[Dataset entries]

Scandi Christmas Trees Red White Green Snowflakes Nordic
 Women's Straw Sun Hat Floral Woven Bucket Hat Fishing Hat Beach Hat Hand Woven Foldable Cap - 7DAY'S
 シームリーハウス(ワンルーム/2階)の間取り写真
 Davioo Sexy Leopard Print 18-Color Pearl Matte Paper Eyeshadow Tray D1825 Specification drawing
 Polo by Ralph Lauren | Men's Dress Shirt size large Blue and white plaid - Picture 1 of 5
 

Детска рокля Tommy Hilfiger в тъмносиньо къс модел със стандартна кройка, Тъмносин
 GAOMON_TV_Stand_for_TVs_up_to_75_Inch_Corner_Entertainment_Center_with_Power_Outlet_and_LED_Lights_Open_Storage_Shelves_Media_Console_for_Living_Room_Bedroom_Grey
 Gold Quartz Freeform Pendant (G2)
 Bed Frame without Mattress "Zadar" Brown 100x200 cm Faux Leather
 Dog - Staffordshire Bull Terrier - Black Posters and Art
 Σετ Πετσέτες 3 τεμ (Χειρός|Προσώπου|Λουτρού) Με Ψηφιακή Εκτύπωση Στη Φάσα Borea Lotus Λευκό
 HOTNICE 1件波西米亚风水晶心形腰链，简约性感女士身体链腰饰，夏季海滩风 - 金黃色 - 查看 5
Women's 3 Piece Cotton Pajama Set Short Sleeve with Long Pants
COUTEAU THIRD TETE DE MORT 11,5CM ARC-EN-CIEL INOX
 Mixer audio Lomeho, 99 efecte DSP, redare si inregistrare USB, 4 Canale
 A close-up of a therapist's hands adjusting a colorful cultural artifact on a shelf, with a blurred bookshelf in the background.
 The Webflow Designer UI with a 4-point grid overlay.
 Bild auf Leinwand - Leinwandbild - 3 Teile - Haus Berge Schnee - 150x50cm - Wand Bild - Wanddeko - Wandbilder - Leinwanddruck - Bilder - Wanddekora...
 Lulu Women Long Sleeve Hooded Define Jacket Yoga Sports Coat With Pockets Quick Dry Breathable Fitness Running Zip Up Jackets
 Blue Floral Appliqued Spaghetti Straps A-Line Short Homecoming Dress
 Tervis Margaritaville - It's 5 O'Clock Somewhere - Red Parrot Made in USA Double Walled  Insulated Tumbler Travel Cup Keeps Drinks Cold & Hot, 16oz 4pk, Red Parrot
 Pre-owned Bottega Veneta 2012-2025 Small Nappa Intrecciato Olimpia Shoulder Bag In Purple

▸ TASK OBJECTIVE: What lines above contain the string "Floral"? Copy all of them.

▸ SOLVED PROBLEM:
 Women's Straw Sun Hat Floral Woven Bucket Hat Fishing Hat Beach Hat Hand Woven Foldable Cap - 7DAY'S
 Blue Floral Appliqued Spaghetti Straps A-Line Short Homecoming Dress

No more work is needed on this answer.